# Problem description
There is a line containing "New Dacia Duster" in the records below. Repeat it and every line after it, exactly, through the final line, but no pictures.

Start of Block

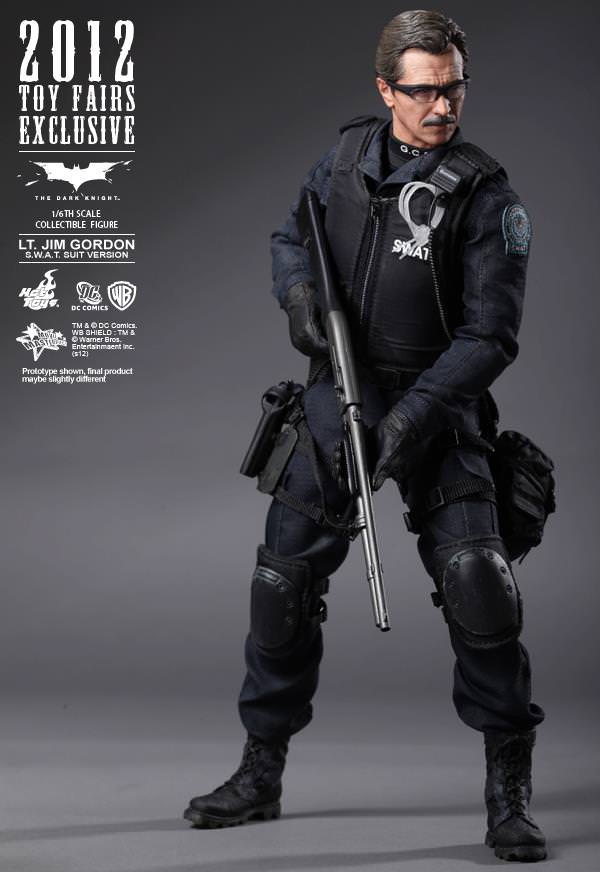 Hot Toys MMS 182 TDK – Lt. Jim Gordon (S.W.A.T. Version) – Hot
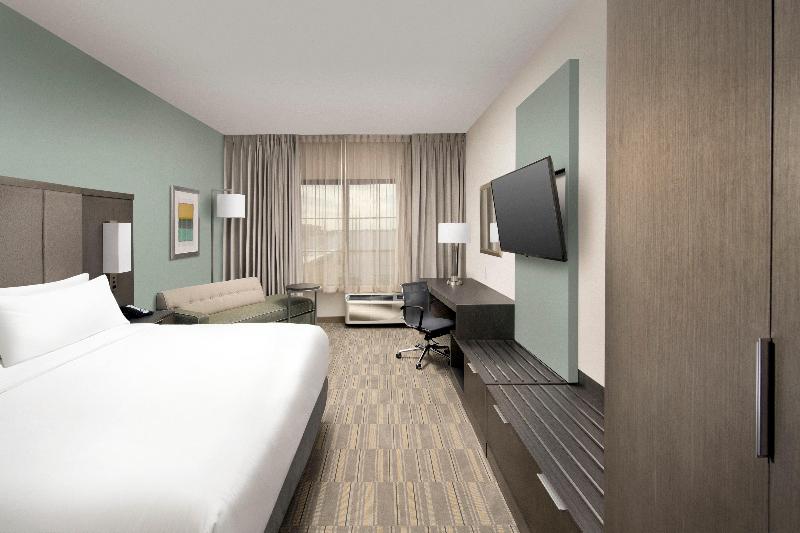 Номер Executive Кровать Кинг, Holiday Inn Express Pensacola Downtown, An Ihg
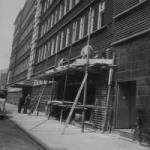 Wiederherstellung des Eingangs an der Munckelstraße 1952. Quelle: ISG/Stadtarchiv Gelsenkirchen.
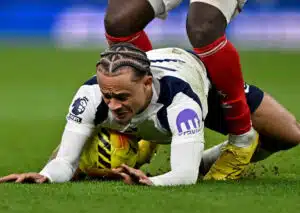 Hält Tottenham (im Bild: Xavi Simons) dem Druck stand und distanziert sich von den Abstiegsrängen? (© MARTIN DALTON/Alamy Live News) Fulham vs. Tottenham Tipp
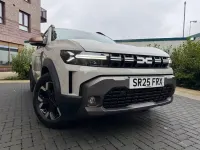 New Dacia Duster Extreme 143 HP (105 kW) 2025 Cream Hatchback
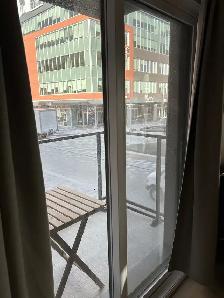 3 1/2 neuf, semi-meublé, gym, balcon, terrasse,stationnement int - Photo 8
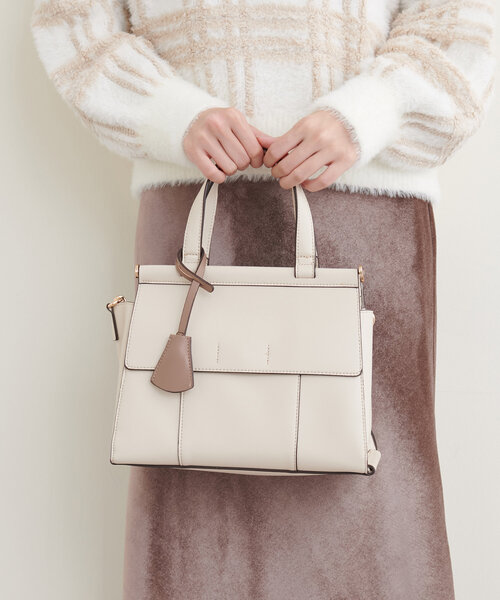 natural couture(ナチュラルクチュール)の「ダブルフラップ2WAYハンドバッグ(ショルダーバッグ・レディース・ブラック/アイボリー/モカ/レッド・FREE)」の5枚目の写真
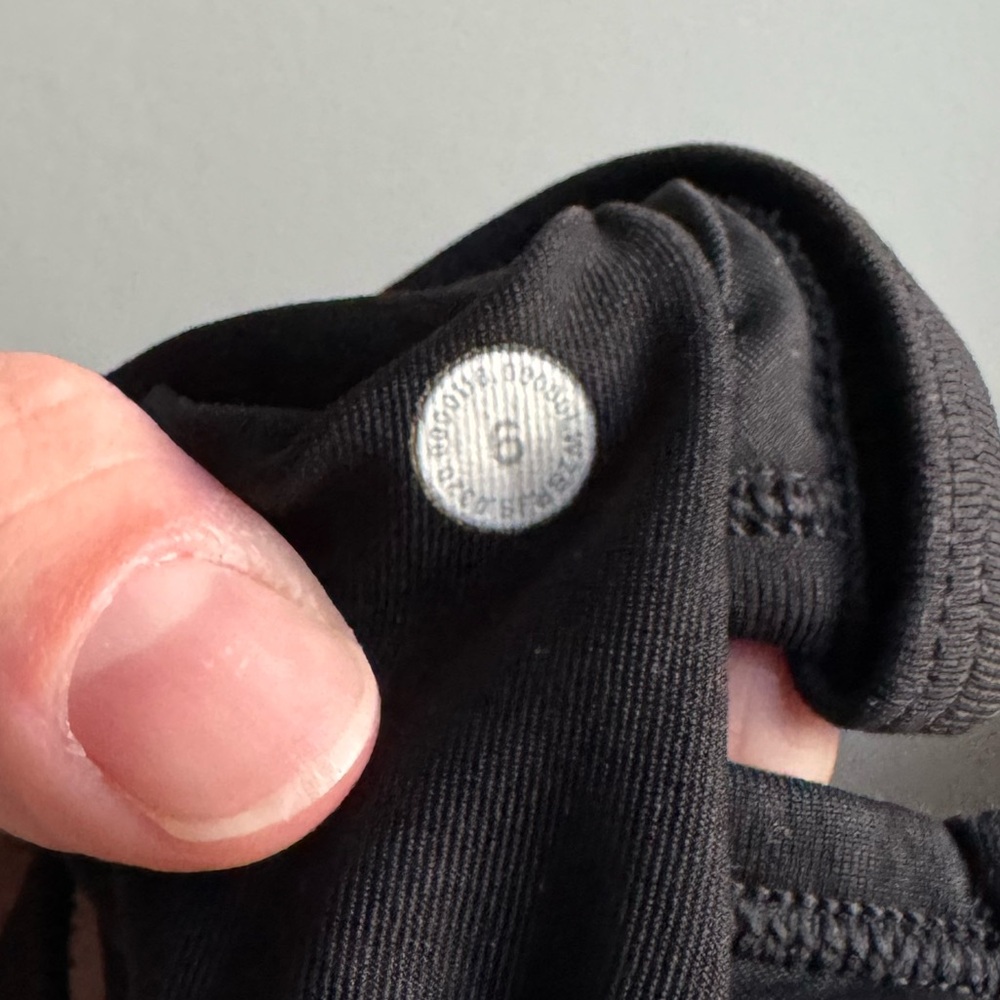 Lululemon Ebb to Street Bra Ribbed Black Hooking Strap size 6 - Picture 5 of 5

End of Block

# Task solution
 New Dacia Duster Extreme 143 HP (105 kW) 2025 Cream Hatchback
 3 1/2 neuf, semi-meublé, gym, balcon, terrasse,stationnement int - Photo 8
 natural couture(ナチュラルクチュール)の「ダブルフラップ2WAYハンドバッグ(ショルダーバッグ・レディース・ブラック/アイボリー/モカ/レッド・FREE)」の5枚目の写真
 Lululemon Ebb to Street Bra Ribbed Black Hooking Strap size 6 - Picture 5 of 5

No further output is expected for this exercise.